Let us examine a few forms. “To love,” in the most general sense of the word, or love, as a root, is in Turkish sev. This does not yet mean “to love,” which is sevmek, or “love” as a substantive, which is sevgu or sevi; but it only expresses the general idea of loving in the abstract. This root, as we remarked before, can never be touched. Whatever syllables may be added for the modification of its meaning, the root itself must stand out in full prominence like a pearl set in diamonds. It must never be changed or broken, assimilated or modified, as in the English I fall, I fell, I take, I took, I think, I thought, and similar forms. With this one restriction, however, we are free to treat it at pleasure.
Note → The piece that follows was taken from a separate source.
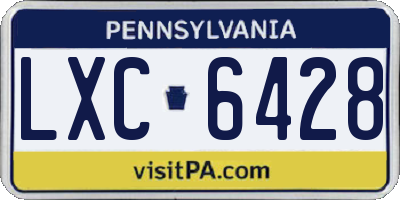 PA license plate LXC6428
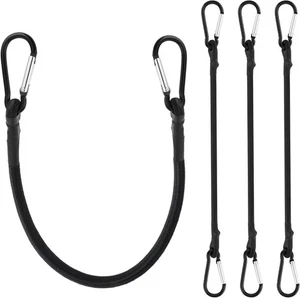 4 Stück Doppelendtasche Gummiseile, schwarze Gummiseile mit Karabinerhaken, Binden - Bild 1 von 5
Let us suppose we possessed nothing like our conjugation, but had to express such ideas as I love, thou lovest, and the rest, for the first time. Nothing would seem more natural now than to form an adjective or a participle, meaning “loving,” and then add the different pronouns, as I loving, thou loving, &c. Exactly this the Turks have done. We need not inquire at present how they produced what we call a participle. It was a task, however, by no means so facile as we now conceive it. In Turkish, one participle is formed by er. Sev+er would, therefore, mean lov+er or lov+ing. Thou, in Turkish, is sen, and as all modificatory syllables are placed at the end of the root, we get sev-er-sen, thou lovest. You in Turkish is siz; hence sev-er-siz, you love. In these cases the pronouns and the terminations of the verb coincide exactly. In other persons the coincidences are less complete, because the pronominal terminations have sometimes been modified, or, as in the third person singular, sever, dropped altogether as unnecessary. A reference to other cognate languages, however, where either the terminations or the pronouns themselves have maintained a more primitive form, enables us to say that in the original Turkish verb, all persons of the present were formed by means of pronouns appended to this participle sever. Instead of “I love, thou lovest, he loves,” the Turkish grammarian says, “lover-I, lover-thou, lover.”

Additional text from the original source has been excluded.